Batch Transcription Benchmark: 1 Million hrs transcribed for $1800

INSIDE SALAD

AI Batch Transcription Benchmark: Transcribing 1 Million+ Hours of Videos in just 7 days for $1800

Published: May 2, 2024

Salad Technologies

AI batch transcription of 1 million hours of video

AI batch transcription benchmark: Speech-to-text at scale

Building upon the inference benchmark of Parakeet TDT 1.1B for YouTube videos on SaladCloud and with our ongoing efforts to enhance the system architecture and implementation for batch jobs, we successfully transcribed over 66,000 hours of YouTube videos using a Salad container group consisting of 100 replicas running for 10 hours. Through this approach, we achieved a cost reduction of 1000-fold while maintaining the same level of accuracy as managed transcription services.

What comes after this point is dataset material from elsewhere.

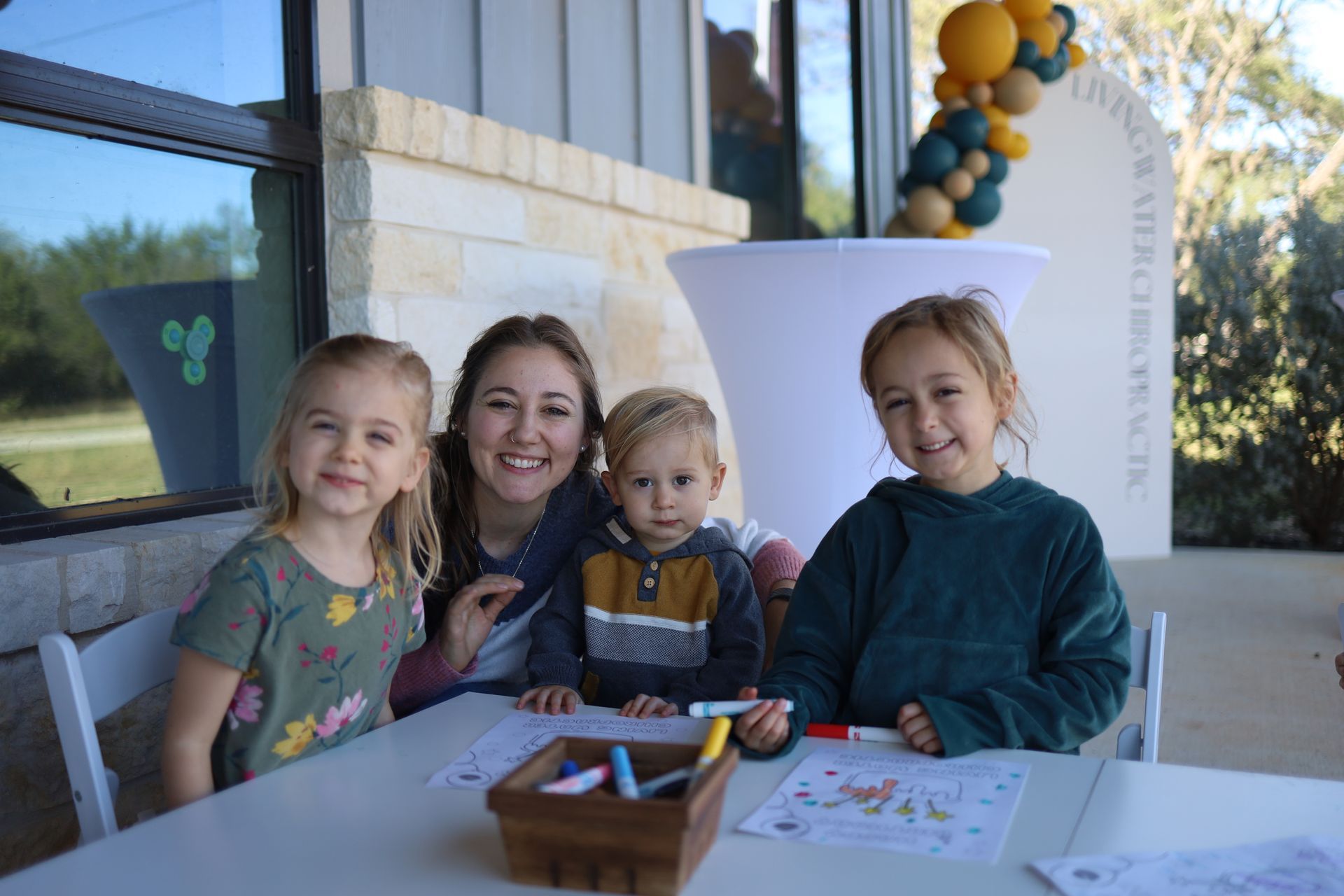 Woman and three children smiling at a Living Water Chiropractic party outdoors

In this deep dive, we will delve into what the system architecture, performance/throughput, time and cost would look like if we were to transcribe 1 Million hours of YouTube videos. Prior to the test, we created the dataset based on publicly available videos on YouTube. This dataset comprises over 4 Million video URLs sourced from more than 5000 YouTube channels, amounting to approximately 1.6 million hours of content. For detailed methods on collecting and processing data from YouTube on SaladCloud, as well as the reference design and example code, please refer to the guide.

System architecture for AI batch transcription pipeline

The transcription pipeline comprises:

Job Filler: It filters, generates and injects jobs based on collected video URLs to the job queue. It also monitors the transcription pipeline process and ensures a consistent supply of tasks by replenishing them regularly.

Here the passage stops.